Today is our last parent/teacher meeting at the school. It is one of the first "lasts" that I am beginning to experience here in my beloved Mexican community. I put on my beloved blue tie, shine my battered dress shoes, and spray on a little cologne, remembering how I live in a culture that values personal presentation very highly. I arrive at the school and then remember how I didn't shave this morning. Oops. Hopefully my students' parents will think the scruffy look is professional.
Such thoughts about my host society make me reflect on the past two years, and what I've learned about living cross-culturally (as we say in the Bible Division at John Brown University). In my different cultural communication classes at JBU, I remember learning about "style switching," which involves learning the different values and behaviors of your host culture over time, then imitating them. To say that I've done that like a pro would be a lie, but thank goodness there's a learning curve, as well as plenty of grace bestowed by my Mexican brothers and sisters.
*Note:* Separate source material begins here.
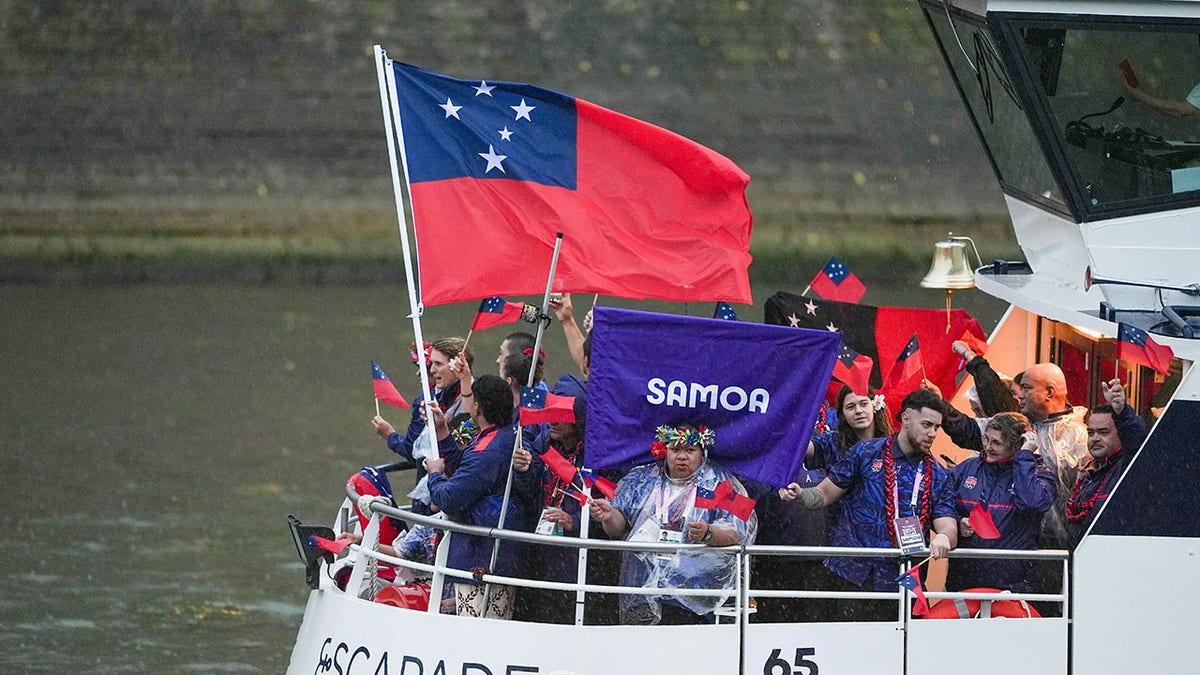 Samoa Boxing Coach Dies Before Paris Olympics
Many of my friends tell me, "No te vayas!" which means, "Don't go!" How am I to respond to that? I know I must go - I am convinced of God's call on my life - but it feels as if the roots I have put down here are being torn back up in an unnatural break. Although I know I will probably be able to come back and visit, things will certainly not be the same. As someone recently commented to me, "Saying goodbye is a little taste of death."
The other day, I counted the number of places in which I have lived for the past 6 years (counting dorm rooms, houses, apartments, etc.). The tally? Nine. Number of states? Four (including the state of Chihuahua). This period of my life has been very transitory, full of change and adaptation. And now another change will happen. Who knows how long that stage will last before more change occurs?
The point? Change is life, life is change. But oh, how it produces in me a longing for my true home, where I will be eternally at peace, never shifting, always abiding. My soul's ache in this temporal reality is for an Anchor, fixed in that eternal Reality, where rest is forever and faith is no longer necessary, for we will know him face to face.